INPUT FOR THIS TASK –
^^^^^^^^^^^^^^^^

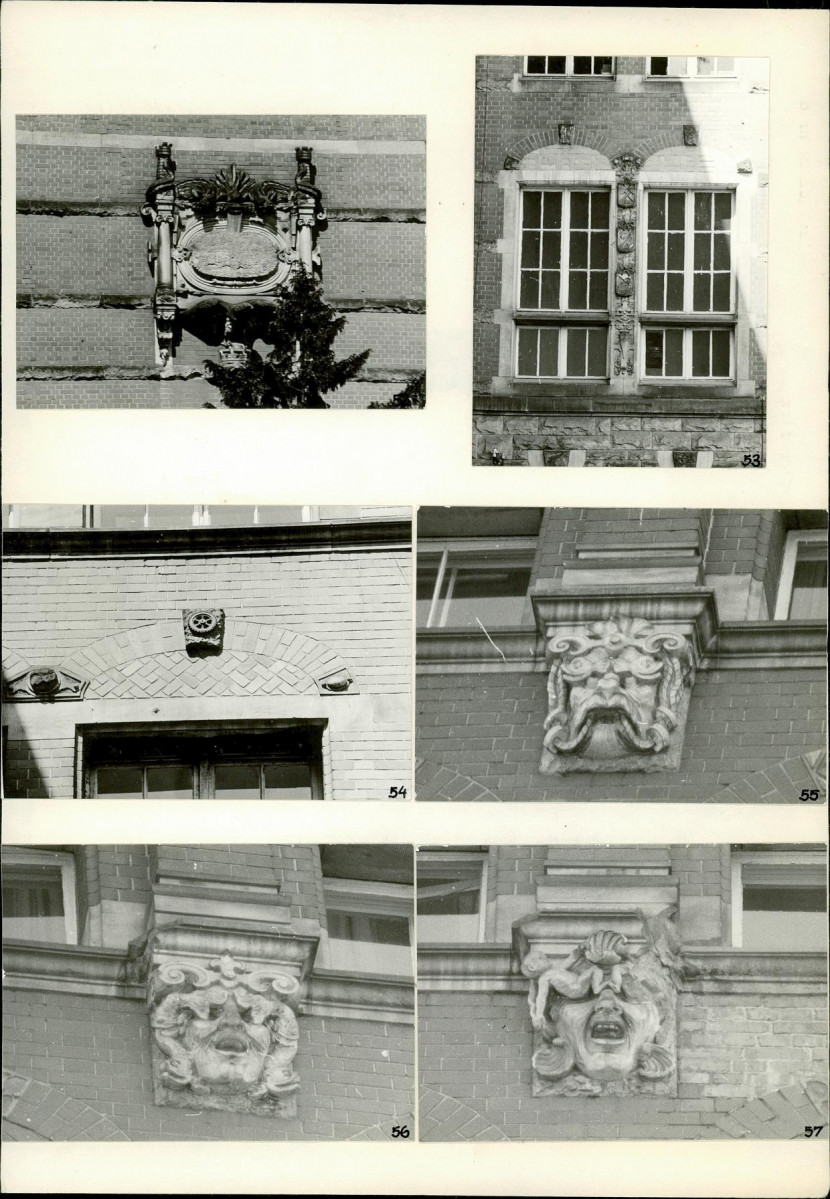 Karta biała, skan nr 16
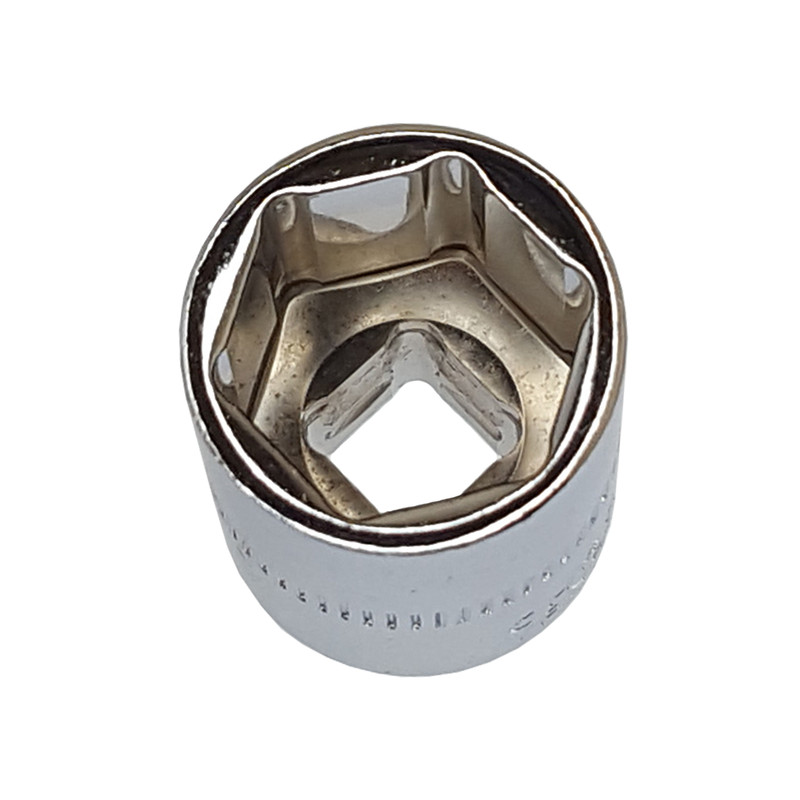 سری بکس مدل MMA-Oth-S13 سایز 13 میلیمتر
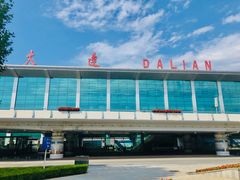 -奕景酒家· 专注大连海鲜30年(星海广场店)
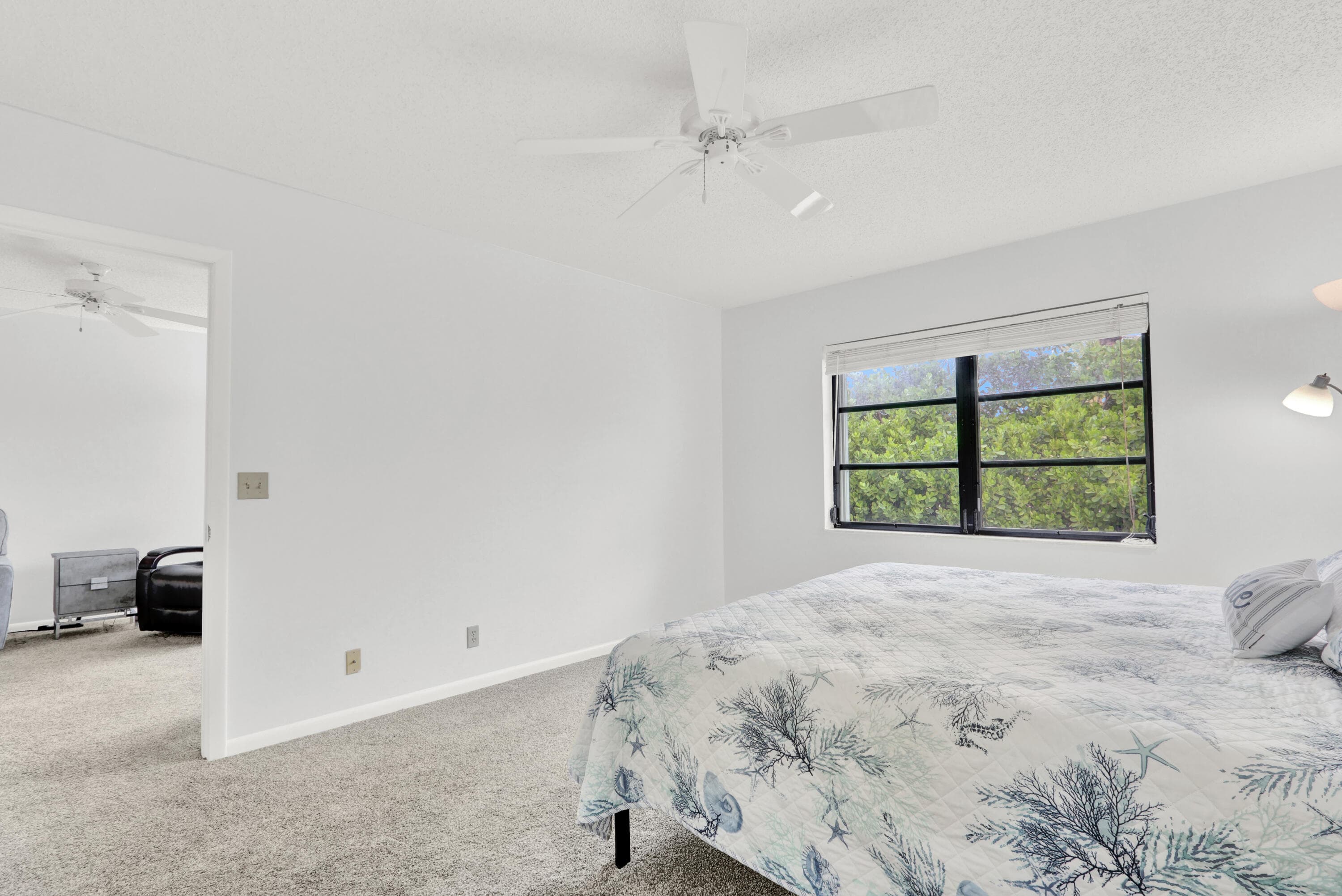 115 Bamboo Road 205, Palm Beach Shores, FL 33404 14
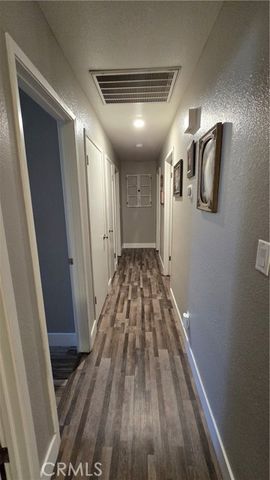 2440 Crystal Springs Avenue, Merced, CA 95348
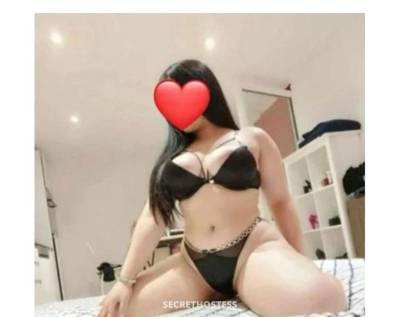 23Yrs Old Escort Liverpool Image - 9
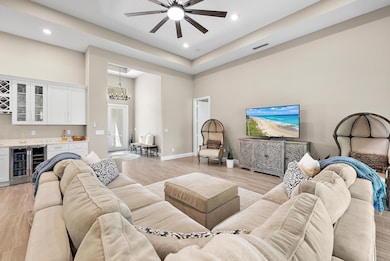 12913 169th Ct N, Jupiter, FL 33478 - photo 7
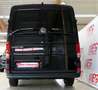 Volkswagen Crafter Kombi DSG LED 8-Sitzer PDC ErgoFahrersit Schwarz - thumbnail 3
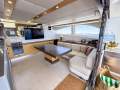 Sunreef Yachts 60 Power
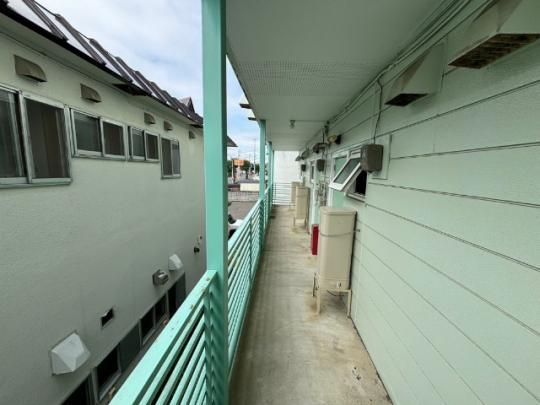 �y�����O�ρz�@���L����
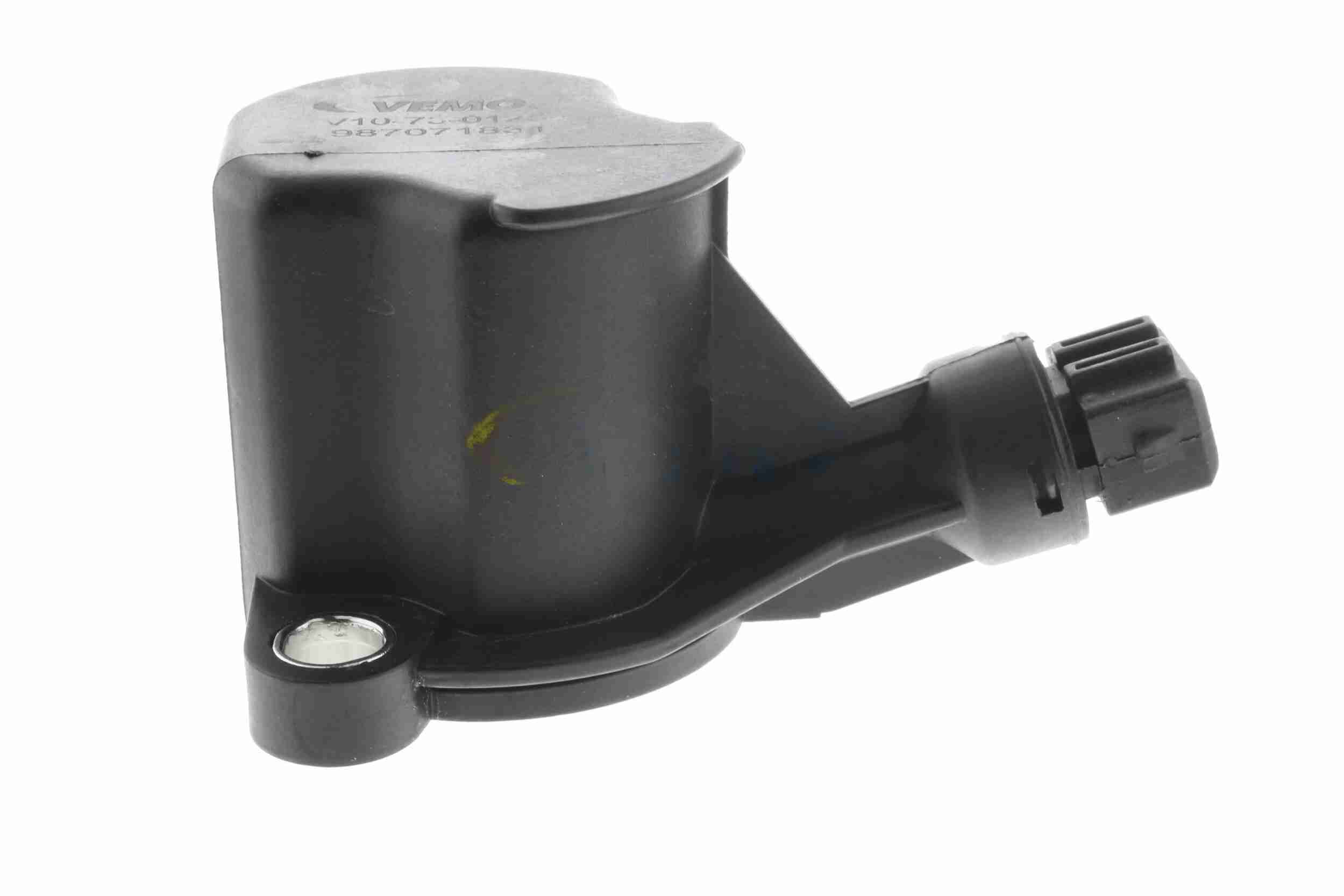 Vemo Achteruitrijlichtschakelaar V10-73-0125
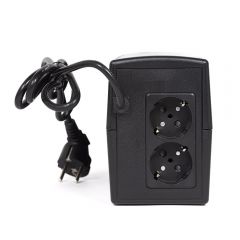 ИБП ИМПУЛЬС ЮНИОР СМАРТ 600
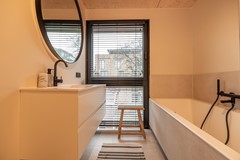 Bella Vistastraat 318-13.jpg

^^^^^^^^^^^^^^^^

ACTIVITY – Instruction for this listing: copy it exactly, but leave the images behind.

EXPECTED ANSWER –
 Karta biała, skan nr 16
 سری بکس مدل MMA-Oth-S13 سایز 13 میلیمتر
 -奕景酒家· 专注大连海鲜30年(星海广场店)
 115 Bamboo Road 205, Palm Beach Shores, FL 33404 14
 2440 Crystal Springs Avenue, Merced, CA 95348
 23Yrs Old Escort Liverpool Image - 9
 12913 169th Ct N, Jupiter, FL 33478 - photo 7
 Volkswagen Crafter Kombi DSG LED 8-Sitzer PDC ErgoFahrersit Schwarz - thumbnail 3
 Sunreef Yachts 60 Power
 �y�����O�ρz�@���L����
 Vemo Achteruitrijlichtschakelaar V10-73-0125
 ИБП ИМПУЛЬС ЮНИОР СМАРТ 600
 Bella Vistastraat 318-13.jpg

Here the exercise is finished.